• _WHAT YOU WILL DO_: Give again, word for word, each line below starting at the one that contains "- Sputnik Mundo" and ending at the one that contains "Excepcional apartamento dúplex".

──────── SUPPLIED INFORMATION

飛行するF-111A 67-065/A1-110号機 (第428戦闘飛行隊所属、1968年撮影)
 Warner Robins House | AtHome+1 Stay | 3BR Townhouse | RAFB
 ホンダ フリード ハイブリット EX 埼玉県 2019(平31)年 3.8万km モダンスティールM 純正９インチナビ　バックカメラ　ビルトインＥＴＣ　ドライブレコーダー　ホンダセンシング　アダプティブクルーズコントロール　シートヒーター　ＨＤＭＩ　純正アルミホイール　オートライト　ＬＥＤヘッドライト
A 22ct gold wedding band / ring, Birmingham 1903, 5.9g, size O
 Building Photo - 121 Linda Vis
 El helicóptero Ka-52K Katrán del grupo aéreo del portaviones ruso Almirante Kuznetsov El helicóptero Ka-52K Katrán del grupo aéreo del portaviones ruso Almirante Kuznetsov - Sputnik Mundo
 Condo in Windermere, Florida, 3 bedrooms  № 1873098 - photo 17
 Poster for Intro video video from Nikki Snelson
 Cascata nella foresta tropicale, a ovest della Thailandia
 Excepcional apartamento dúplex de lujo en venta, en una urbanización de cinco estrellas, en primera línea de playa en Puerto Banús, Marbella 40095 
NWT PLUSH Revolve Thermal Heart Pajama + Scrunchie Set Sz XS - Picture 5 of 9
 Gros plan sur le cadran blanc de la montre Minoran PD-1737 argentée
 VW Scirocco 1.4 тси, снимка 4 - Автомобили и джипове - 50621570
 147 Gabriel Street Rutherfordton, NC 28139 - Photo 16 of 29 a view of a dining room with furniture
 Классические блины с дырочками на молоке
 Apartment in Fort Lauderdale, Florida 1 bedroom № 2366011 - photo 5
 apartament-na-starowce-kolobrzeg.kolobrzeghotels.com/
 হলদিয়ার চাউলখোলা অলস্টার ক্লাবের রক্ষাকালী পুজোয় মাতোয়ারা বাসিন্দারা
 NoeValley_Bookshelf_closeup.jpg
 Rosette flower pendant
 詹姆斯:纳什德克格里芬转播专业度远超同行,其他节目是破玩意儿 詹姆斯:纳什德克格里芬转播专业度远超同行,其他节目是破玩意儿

────────────────

• _SOLUTION TO THE PROBLEM_:
 El helicóptero Ka-52K Katrán del grupo aéreo del portaviones ruso Almirante Kuznetsov El helicóptero Ka-52K Katrán del grupo aéreo del portaviones ruso Almirante Kuznetsov - Sputnik Mundo
 Condo in Windermere, Florida, 3 bedrooms  № 1873098 - photo 17
 Poster for Intro video video from Nikki Snelson
 Cascata nella foresta tropicale, a ovest della Thailandia
 Excepcional apartamento dúplex de lujo en venta, en una urbanización de cinco estrellas, en primera línea de playa en Puerto Banús, Marbella 40095 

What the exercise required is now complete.